Data for analysis –

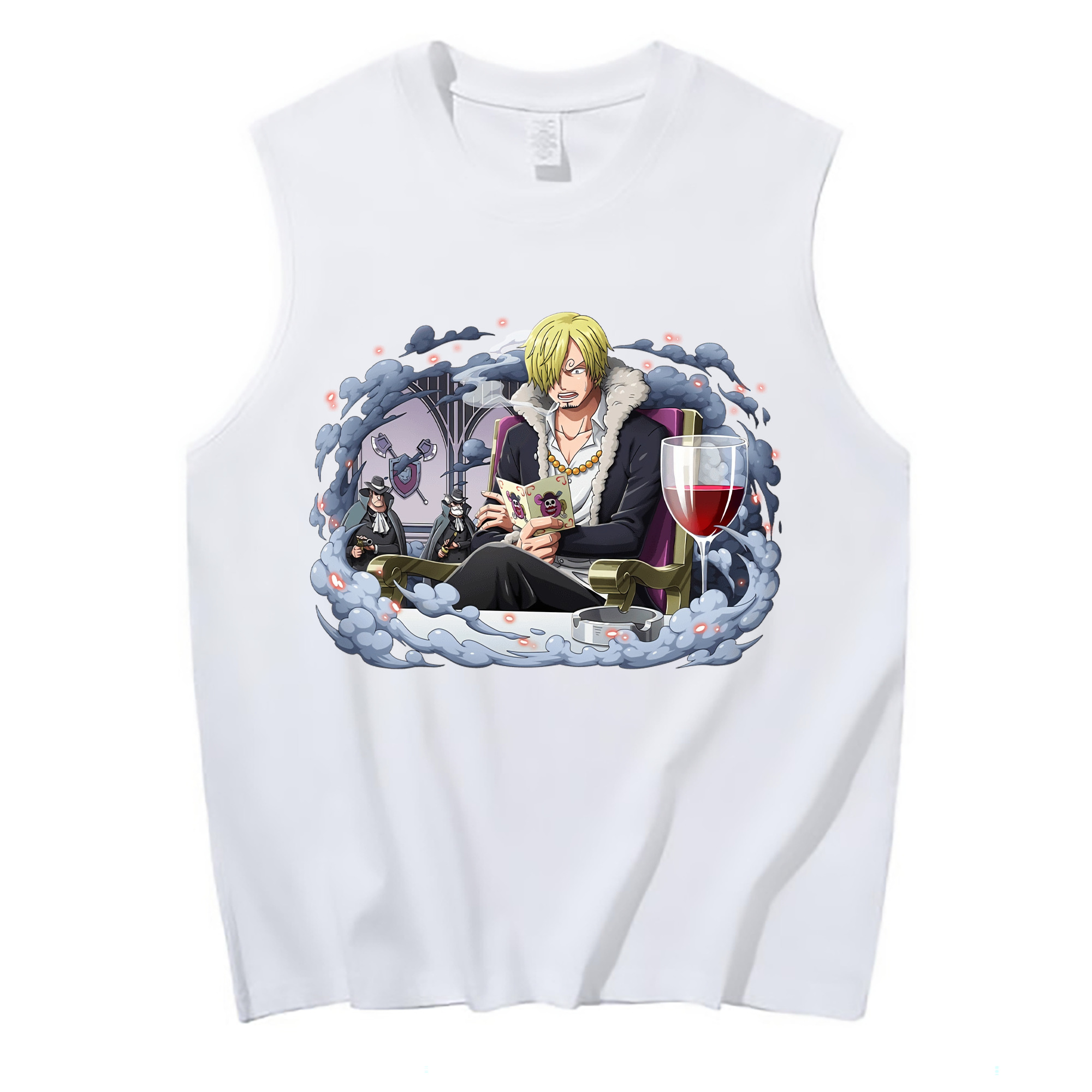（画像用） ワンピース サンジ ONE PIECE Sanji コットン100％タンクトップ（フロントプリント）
---
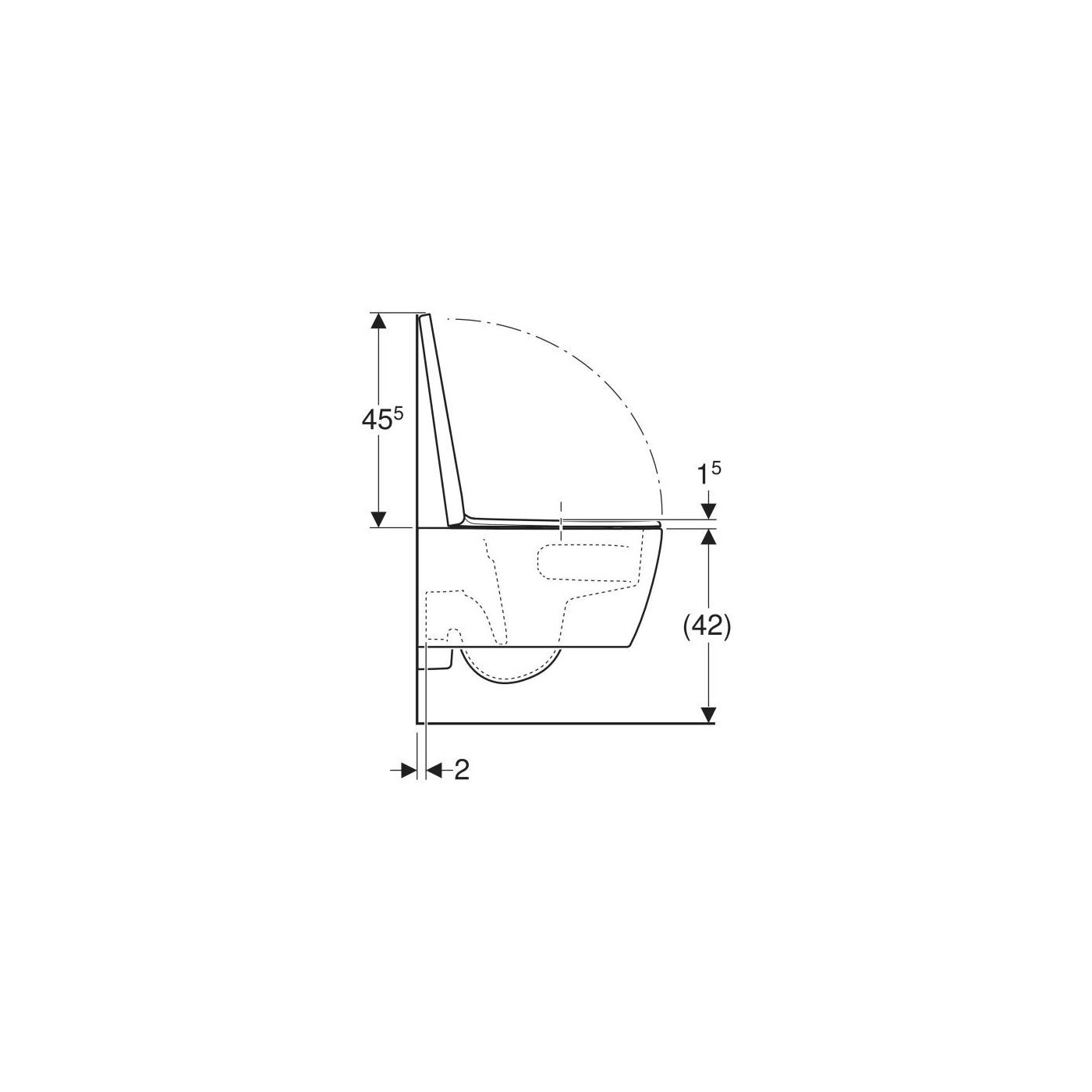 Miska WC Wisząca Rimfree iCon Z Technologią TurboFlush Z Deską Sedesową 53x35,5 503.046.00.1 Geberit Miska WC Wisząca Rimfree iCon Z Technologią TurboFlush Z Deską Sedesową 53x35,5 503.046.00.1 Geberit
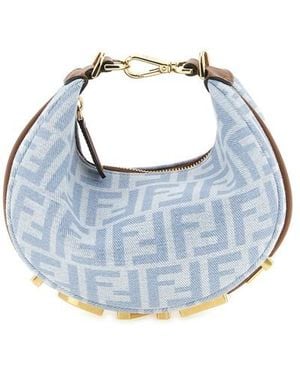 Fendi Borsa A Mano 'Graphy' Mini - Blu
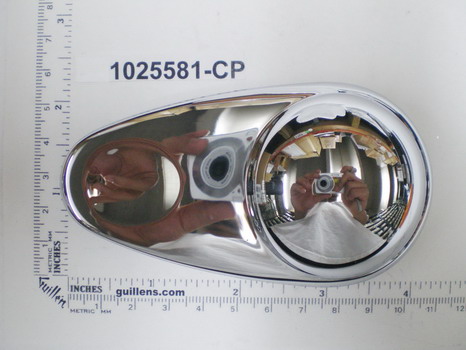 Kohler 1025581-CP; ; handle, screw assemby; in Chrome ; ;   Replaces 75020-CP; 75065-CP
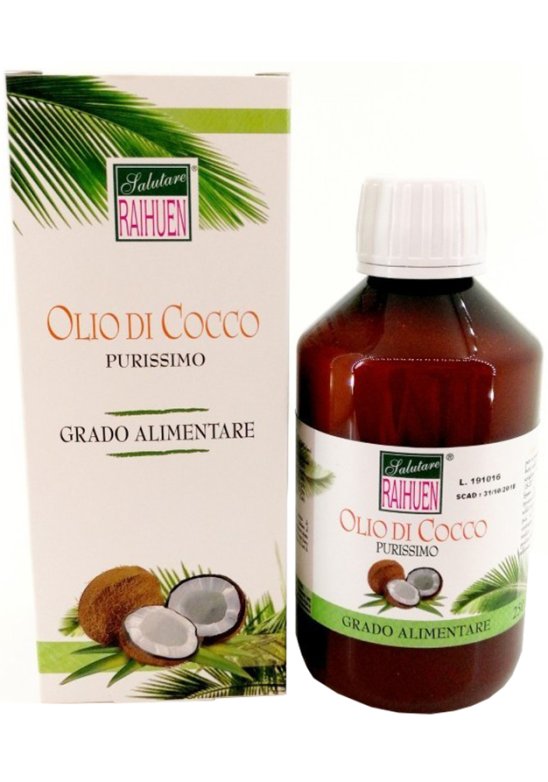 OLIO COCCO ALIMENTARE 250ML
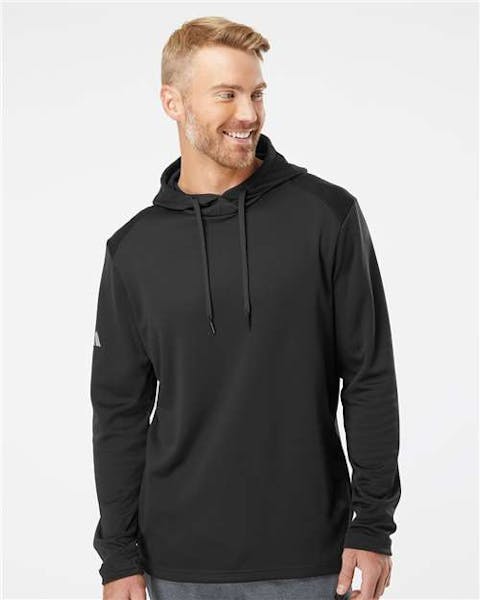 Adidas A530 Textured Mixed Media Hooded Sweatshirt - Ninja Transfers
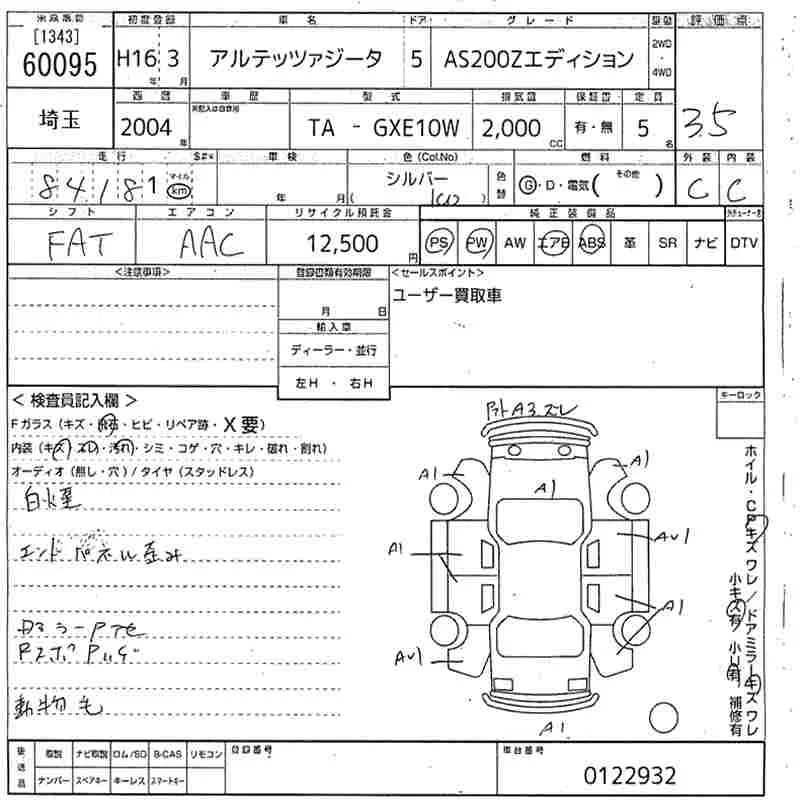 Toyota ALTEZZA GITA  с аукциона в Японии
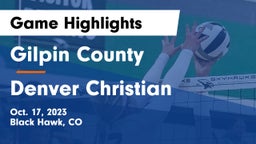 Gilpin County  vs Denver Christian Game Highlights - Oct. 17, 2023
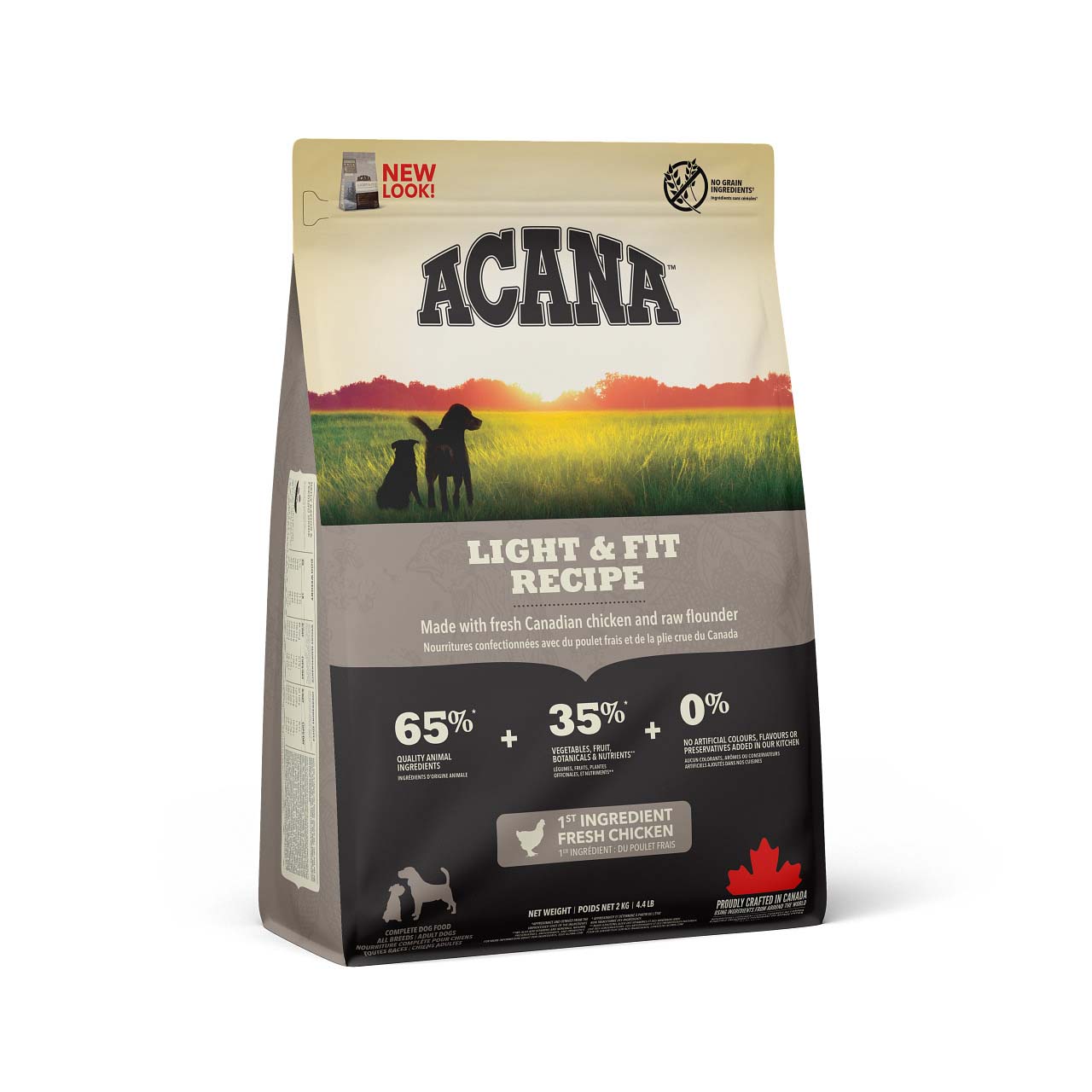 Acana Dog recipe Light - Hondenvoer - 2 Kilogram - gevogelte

Required action – Return exactly the lines that appear in the data above between the line containing "Fendi Borsa A Mano 'Graphy' Mini - Blu" and the line containing "Acana Dog recipe", both of which are included, and leave the pictures out.

Answer to this exercise –
 Fendi Borsa A Mano 'Graphy' Mini - Blu
 Kohler 1025581-CP; ; handle, screw assemby; in Chrome ; ;   Replaces 75020-CP; 75065-CP
 OLIO COCCO ALIMENTARE 250ML
 Adidas A530 Textured Mixed Media Hooded Sweatshirt - Ninja Transfers
 Toyota ALTEZZA GITA  с аукциона в Японии
 Gilpin County  vs Denver Christian Game Highlights - Oct. 17, 2023
 Acana Dog recipe Light - Hondenvoer - 2 Kilogram - gevogelte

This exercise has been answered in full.